肝臓がんの手術方法

 肝臓がんの主な治療法は、外科療法(手術。肝切除)、アルコールを入れて固める治療(経皮的エタノール注入療法:PEIT)、血管をつめる治療(肝動脈塞栓術:TAE)の3療法が良く知られています。他にマイクロ波凝固療法、ラジオ波凝固療法、凍結療法、化学療法(抗がん剤)などもありますが、絶対的な治療法はなく、癌の進行具合、肝機能の状態、患者の年齢・体力、合併症の有無などから判断して、最も有効な治療法が選択されます。

 肝切除(外科手術)は患部を癌を含めて肝臓の一部を切り取る手術で、最大のメリットは治癒する可能性が最も高いということです。逆にデメリットとしては、手術に起因する合併症を起こし、そのうち死に至るケースが1~2%ほどあることです。また入院期間が1~2ヶ月と長く、退院後の自宅療養が同じ期間に及ぶことなどがあげられます。

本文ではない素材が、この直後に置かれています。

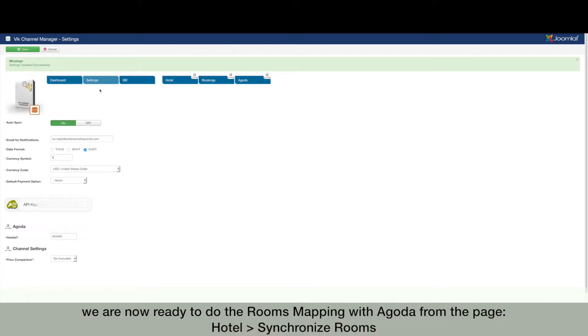Ok, we are now ready to do the rooms mapping with Agoda from the page, hotel, synchronize rooms.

 基本的に肝臓は再生能力のとても高い臓器で、健康な肝臓であれば70%近くを切除しても、ほぼ元通りの大きさに戻ります。そのため切除しても機能的には問題がないと考えられています。

 肝臓はひとかたまりの臓器ですが、肝臓内を走る血管の分布によって、いくつかの区画に分けて考えられます。肝臓癌の手術は、これらの区画のどの部分を、どの程度切除するかによって行われます。

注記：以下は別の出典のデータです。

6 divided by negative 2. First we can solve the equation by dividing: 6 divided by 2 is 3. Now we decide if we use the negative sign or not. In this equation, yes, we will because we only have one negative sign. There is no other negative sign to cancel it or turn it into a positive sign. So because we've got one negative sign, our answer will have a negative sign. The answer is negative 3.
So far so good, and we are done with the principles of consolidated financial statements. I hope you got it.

 慢性肝炎や肝硬変を患っている場合は再生能力が低下しているため、大きく切除してしまうと肝臓の機能が十分に行われず、命に関わる事態に陥ることもあります。そういう場合は、患者の安全のために小さく切り取ることを選ぶのが普通です。健康な肝臓をできるだけ残し、しかも患部を取り残さないのがよい手術ということになります。